Analyses only heap usage, memory leaks and object / function calls. Very usable to see which objects or function calls are performed while the program was running.

Usage:

  • For programs to be analyzed use handles:
    -ltcmalloc -lpthread

    when compiling

  • Running heap profiler:
    HEAPPROFILE=/path/to/profile/name_of_the_profile program_executable
    • Where HEAPPROFILE will create a profile named as name_of_the_profile.0001.heap in /path/to/profile after program has been closed.
      • The 0001' means that it is the first part of the heap dump, by default the limit is 1GB of reserved memory, this limit can be changed with a certain parameter, see homepages for further details.


Analyzing the performance:

  • The created profile can be analysed with
    pprof

    using appropriate viewer or file format, see

    man pprof

    for further details.

    • General format for pprof:
      pprof --<insert_viewer> program_executable /path/to/profile/name_of_the_profile.0001.heap
    • For example using gv as viewer (naturally) requires gv and also graphviz-library must be installed.
    • By default pprof doesn't look dynamic symbols from files with nm. It can be added into pprof by editing the file (written in Perl)
      /usr/bin/pprof

      and adding -D -switch into function

      open(NM, $nm -C -n $image ... )

      Change it to

      open(NM, $nm -D -C -n $image ...)
    • With additional flags for pprof the output type can be changed:


flag meaning
–inuse_space Display the number of in-use megabytes (i.e. space that has been allocated but not freed). This is the default.
–inuse_objects Display the number of in-use objects (i.e. number of objects that have been allocated but not freed).
–alloc_space Display the number of allocated megabytes. This includes the space that has since been de-allocated. Use this if you want to find the main allocation sites in the program.
–alloc_objects Display the number of allocated objects. This includes the objects that have since been de-allocated. Use this if you want to find the main allocation sites in the program.

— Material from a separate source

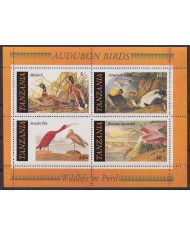 F-EX63235 TANZANIA MNH 1986 AUDUBON BIRD AVES PAJAROS OISEAUX VÖGEL BLOCK SHEET.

See homepages of Google Performance Tool for further information.

Exmap

Available for Linux, in Ubuntu:

sudo apt-get install exmap

Can be used to analyze the real amount of memory used by different parts of program and the libraries it is using. Can show the amount of virtual, resident and mapped memory currently in use (apparently shows the usage when exmap was launched, doesn't follow usage in real time), it also shows the effective (real) sizes of mapped and resident memory. Shows the symbols from used files and libraries if found. See documentary at home pages for further information. Exmap doesn't support exporting of analyzed data.

If exmap kernel modules aren't installed on the system download, one solution is to:

  1. Install package exmap-modules-source:
    apt-get install exmap-modules-source
  2. Build modules for example with
    sudo module-assistant build exmap
  3. Install modules with
    sudo modprobe exmap


Usage:

  • Run as (as root or super user)
    gexmap

    opens a graphical window showing all running processes.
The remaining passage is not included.